Vittima o carnefice? Roberta Bruzzone si dichiara vittima. Senza troppi giri di parole. «Ma quale stalking, l’unica perseguitata qui sono io». Parole pronunciate a La Repubblica. Parole in cui respinge le accuse per le quali rischia il rinvio a giudizio (il fascicolo è stato trasmesso alla Procura di Roma per competenza territoriale), per presunti atti persecutori perduti per circa tre anni contro Elisabetta Sionis, pedagogista, consulente in diversi casi di cronaca nera e giudice del Tribunale dei minori di Cagliari.

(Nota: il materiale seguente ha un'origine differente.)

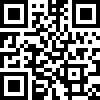 https://kowsarnews.ir/x3cxv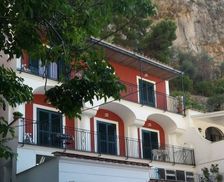 Italy Campania Positano vacation rental compare prices direct by owner 29906175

«Sono state scritte cose non vere, si tratta di una vicenda complessa che ha radici lontane nel tempo – spiega la nota criminologa televisiva al quotidiano La Repubblica – Nasce dal tentato femminicidio di Valentina Pitzalis e dal processo per la morte di Manuel Piredda. Sionis era consulente, sosteneva che la vittima fosse Piredda e lo sostiene tuttora, nonostante l’archiviazione. Forse dopo quel clamoroso fallimento professionale, nel quale riponeva ambizioni di carriera, mi ha trasformato nel suo bersaglio». La criminologa, accusa con altri tre suoi colleghi, si dichiara estranea ai post Facebook dove attaccherebbe pesantemente la Sionis: “miserabile esistenza”, “da Tso”, “in putrefazione”. «L’attribuibilità è tutta da chiarire». Poi aggiunge: «Mi vengono contestati sei post in quattro anni. Parlare di atti persecutori è quantomeno eccessivo».